Work to complete: Search the records for "tool". Copy every line where it appears.

Excerpted records: Begin

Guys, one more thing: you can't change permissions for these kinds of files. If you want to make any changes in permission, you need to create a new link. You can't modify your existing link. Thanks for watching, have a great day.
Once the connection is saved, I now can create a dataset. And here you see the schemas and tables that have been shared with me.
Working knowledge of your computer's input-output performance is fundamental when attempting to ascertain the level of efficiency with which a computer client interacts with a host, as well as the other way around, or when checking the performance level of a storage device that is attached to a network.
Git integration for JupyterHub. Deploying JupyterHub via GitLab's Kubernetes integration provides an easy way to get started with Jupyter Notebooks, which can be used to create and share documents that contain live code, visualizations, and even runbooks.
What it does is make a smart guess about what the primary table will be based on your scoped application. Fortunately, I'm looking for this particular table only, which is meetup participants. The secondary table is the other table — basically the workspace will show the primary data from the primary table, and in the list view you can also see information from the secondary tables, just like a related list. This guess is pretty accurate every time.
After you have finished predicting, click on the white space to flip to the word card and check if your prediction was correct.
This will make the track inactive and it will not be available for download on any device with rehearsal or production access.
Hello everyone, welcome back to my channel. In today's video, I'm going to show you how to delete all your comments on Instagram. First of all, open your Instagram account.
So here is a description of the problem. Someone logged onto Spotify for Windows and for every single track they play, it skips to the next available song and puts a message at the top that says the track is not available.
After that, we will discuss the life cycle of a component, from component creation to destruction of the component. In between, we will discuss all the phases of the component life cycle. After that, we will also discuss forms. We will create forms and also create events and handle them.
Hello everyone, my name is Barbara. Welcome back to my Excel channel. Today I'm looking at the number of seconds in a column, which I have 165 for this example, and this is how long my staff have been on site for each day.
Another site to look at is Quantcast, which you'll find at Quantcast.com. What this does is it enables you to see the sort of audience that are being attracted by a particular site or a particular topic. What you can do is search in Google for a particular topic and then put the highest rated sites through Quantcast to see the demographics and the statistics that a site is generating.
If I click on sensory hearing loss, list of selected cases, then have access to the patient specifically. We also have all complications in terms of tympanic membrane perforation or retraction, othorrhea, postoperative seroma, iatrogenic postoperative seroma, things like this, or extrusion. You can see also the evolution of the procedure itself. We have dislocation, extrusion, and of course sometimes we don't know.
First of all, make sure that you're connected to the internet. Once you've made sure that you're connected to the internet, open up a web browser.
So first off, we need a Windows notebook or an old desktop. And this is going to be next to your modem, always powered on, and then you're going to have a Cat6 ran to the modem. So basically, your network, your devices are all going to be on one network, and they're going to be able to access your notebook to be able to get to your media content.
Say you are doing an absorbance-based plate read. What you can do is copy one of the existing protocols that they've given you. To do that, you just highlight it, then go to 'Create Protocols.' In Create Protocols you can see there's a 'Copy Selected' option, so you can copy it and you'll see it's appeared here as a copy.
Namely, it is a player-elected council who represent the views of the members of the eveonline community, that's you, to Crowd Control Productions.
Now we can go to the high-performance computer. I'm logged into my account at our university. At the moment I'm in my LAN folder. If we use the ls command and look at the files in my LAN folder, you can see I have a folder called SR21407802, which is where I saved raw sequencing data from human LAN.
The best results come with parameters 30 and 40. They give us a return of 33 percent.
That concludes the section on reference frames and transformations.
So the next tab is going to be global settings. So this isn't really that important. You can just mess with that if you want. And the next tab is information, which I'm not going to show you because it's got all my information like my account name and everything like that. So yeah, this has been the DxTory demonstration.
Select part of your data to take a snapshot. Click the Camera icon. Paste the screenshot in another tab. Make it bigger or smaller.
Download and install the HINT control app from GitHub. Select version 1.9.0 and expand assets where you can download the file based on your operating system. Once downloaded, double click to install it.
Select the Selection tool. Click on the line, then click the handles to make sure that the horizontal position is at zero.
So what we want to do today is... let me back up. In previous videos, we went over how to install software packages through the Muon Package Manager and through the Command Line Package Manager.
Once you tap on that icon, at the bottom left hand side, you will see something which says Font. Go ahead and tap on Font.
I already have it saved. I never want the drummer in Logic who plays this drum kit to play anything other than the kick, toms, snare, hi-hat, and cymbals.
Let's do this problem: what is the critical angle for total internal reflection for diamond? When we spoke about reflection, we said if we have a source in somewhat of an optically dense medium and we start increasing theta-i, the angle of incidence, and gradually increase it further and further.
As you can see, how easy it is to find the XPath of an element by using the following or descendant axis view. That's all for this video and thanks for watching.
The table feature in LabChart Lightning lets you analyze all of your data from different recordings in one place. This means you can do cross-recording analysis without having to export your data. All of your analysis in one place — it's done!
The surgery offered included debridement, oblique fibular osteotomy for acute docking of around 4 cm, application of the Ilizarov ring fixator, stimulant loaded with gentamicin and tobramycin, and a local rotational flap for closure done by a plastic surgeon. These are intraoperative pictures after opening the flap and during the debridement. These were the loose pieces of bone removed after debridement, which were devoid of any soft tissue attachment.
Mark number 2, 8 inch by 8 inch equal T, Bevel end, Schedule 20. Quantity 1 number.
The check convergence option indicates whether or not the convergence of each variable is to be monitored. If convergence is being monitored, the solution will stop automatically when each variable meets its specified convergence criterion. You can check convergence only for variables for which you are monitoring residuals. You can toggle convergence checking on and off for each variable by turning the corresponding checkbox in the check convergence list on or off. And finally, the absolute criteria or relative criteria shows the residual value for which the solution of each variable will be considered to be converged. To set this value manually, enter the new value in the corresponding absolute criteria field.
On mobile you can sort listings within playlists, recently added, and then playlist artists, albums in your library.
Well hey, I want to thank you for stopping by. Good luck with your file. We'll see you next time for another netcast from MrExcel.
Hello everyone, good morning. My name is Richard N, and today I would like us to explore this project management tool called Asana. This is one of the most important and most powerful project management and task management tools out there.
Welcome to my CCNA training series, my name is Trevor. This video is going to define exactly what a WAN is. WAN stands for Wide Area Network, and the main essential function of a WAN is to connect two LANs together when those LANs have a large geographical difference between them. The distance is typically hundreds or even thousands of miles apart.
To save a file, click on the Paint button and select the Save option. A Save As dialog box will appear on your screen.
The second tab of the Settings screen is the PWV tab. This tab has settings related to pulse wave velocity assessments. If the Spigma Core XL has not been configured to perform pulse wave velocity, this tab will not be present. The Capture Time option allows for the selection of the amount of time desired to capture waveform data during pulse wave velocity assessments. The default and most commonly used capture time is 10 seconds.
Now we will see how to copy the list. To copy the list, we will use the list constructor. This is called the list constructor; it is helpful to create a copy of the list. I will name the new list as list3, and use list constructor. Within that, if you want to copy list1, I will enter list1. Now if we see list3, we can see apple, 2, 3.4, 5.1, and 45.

Excerpted records: End

Problem solution:
Select the Selection tool. Click on the line, then click the handles to make sure that the horizontal position is at zero.
Hello everyone, good morning. My name is Richard N, and today I would like us to explore this project management tool called Asana. This is one of the most important and most powerful project management and task management tools out there.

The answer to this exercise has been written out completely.